The Vourdalak - Oscilloscope Laboratories
The Vourdalak - Oscilloscope Laboratories /

Before Bram Stoker's Dracula, published in 1897, there was The Family of the Vourdalak, an 1839 French novel by Russian author Aleksey Tolstoy. The Vourdalak is a mesmerizing adaptation and exciting entry into the overplayed vampire subgenre. The period film contains an engrossing atmosphere, solid performances, and an unsettling puppet as the big bad.

Directed by Adrien Beau and shot on 16 mm, the film stars Kacey Mottet Klein as Marquis d'Urfé, a diplomat of the King of France who gets lost in the forest and finds refuge with a weird family, while Turks ravage and pillage the countryside. The film's tone is apparent immediately with shots of creeping fog and rows of crocked crosses/tombstones in the forest.
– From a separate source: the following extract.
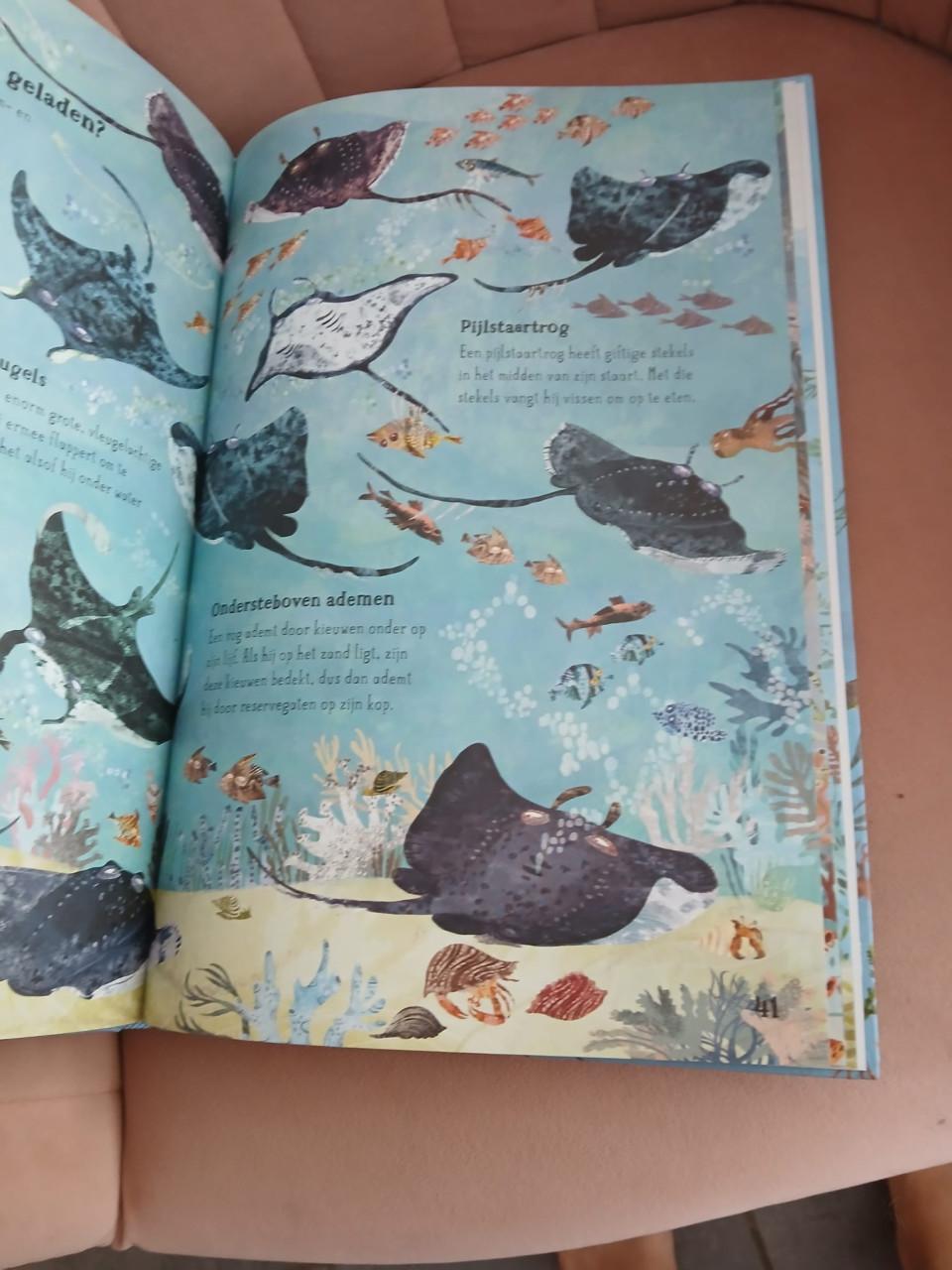 Kinderboeken zeethema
This very much feels like a Hammer film in all the best ways in terms of tone and mood.

It's apparent that whatever Marquis is about to encounter isn't good. He can't leave, though, because he lost his horse and his luggage, so he's reliant on the family. He also swoons over the rather lovely and mysterious Sdenka (Ariane Labed). The rest of the family includes the vagabond Piotr (Vassili Schneider), Jegor (Grégoire Colin), Jegor's wife Anja (Claire Duburcq), and Anja and Jegor's son Vlad (Gabriel Pavie). Collectively, they make for a very strange and unusual family unit, to put it lightly. Each member is distinct in terms of his or her eccentricity.
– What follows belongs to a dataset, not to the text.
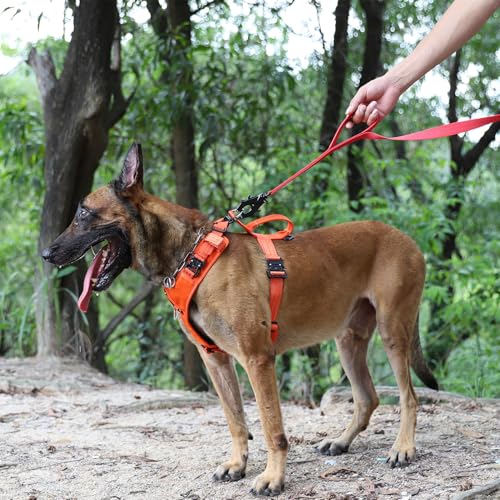 ICEFANG Relfective Dog Leash for Medium Large Dogs,K9 Training Walking Lead with Double Handle,Heavy Duty Auto-Lock Metal Clasp (6ft, Red) - color: Red, size: 6 ft (No bungee)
The Vourdalak - Oscilloscope Laboratories /

The bloodsucking patriarch, Grocha, is a life-sized puppet voiced by Beau who shambles across the screen and has large teeth that constantly chatter. While Klein suffices as a good leading man, don't be fooled. It's the spinetingling puppet that steals the show and even has some of the feature's best one-liners. The fact a puppet is the bloodsucker makes this film stand out from the oceans of other vampire films. There's simply nothing attractive about this creature. It's manipulative, vicious, and feeds upon its family. This also contrasts with other vampire lure because the monster preys upon its loved ones, knowing they won't leave due to a profound sense of loyalty.
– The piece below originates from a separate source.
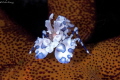 Arlequin shrimp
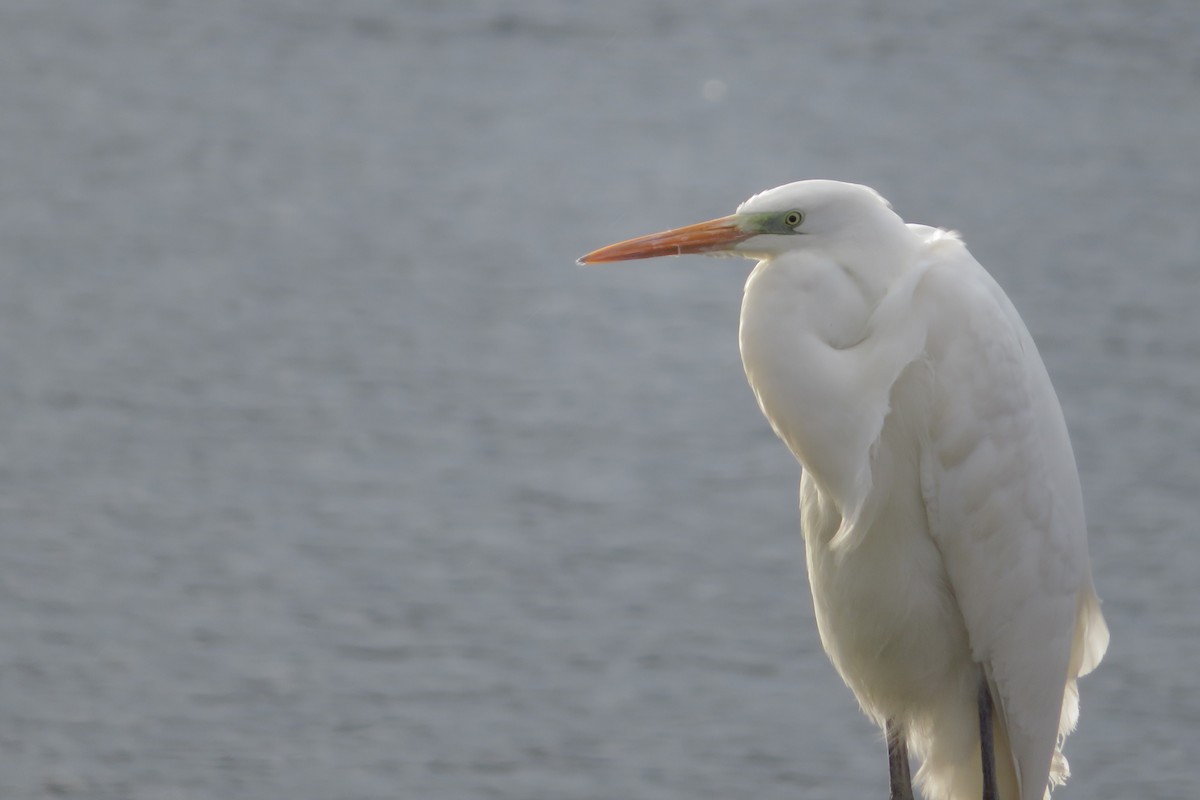 Great Egret - ML647815358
While the feature takes its time to really get going, there are a few gory scenes that will satisfy horror hounds. More often than not, though, this is an absorbing movie heavy on atmosphere. Keep in mind this is an adaptation of a 19th Century gothic novel, after all. The aesthetics frequently reinforce the era and tone, from the costume designs to the spooky shots of the forest. There's one particular scene between Vlad and Gorcha that's downright hair-raising.

The Vourdalak is a fascinating adaptation of a gothic novel that's too often overshadowed by the likes of Mary Shelley's Frankenstein and Bram Stoker's Dracula. Through the simple set design of an eerie forest and an old house, Beau enlivens Tolstoy's novel for the big screen and uses a frightening puppet to do so. This is a rich, poetic film that feels fresh in its execution. The film's also a visual feast with a few nightmarish images and plenty of hypnotic sequences.

The Vourdalak opens exclusively in cinemas on June 28th from Oscilloscope Laboratories.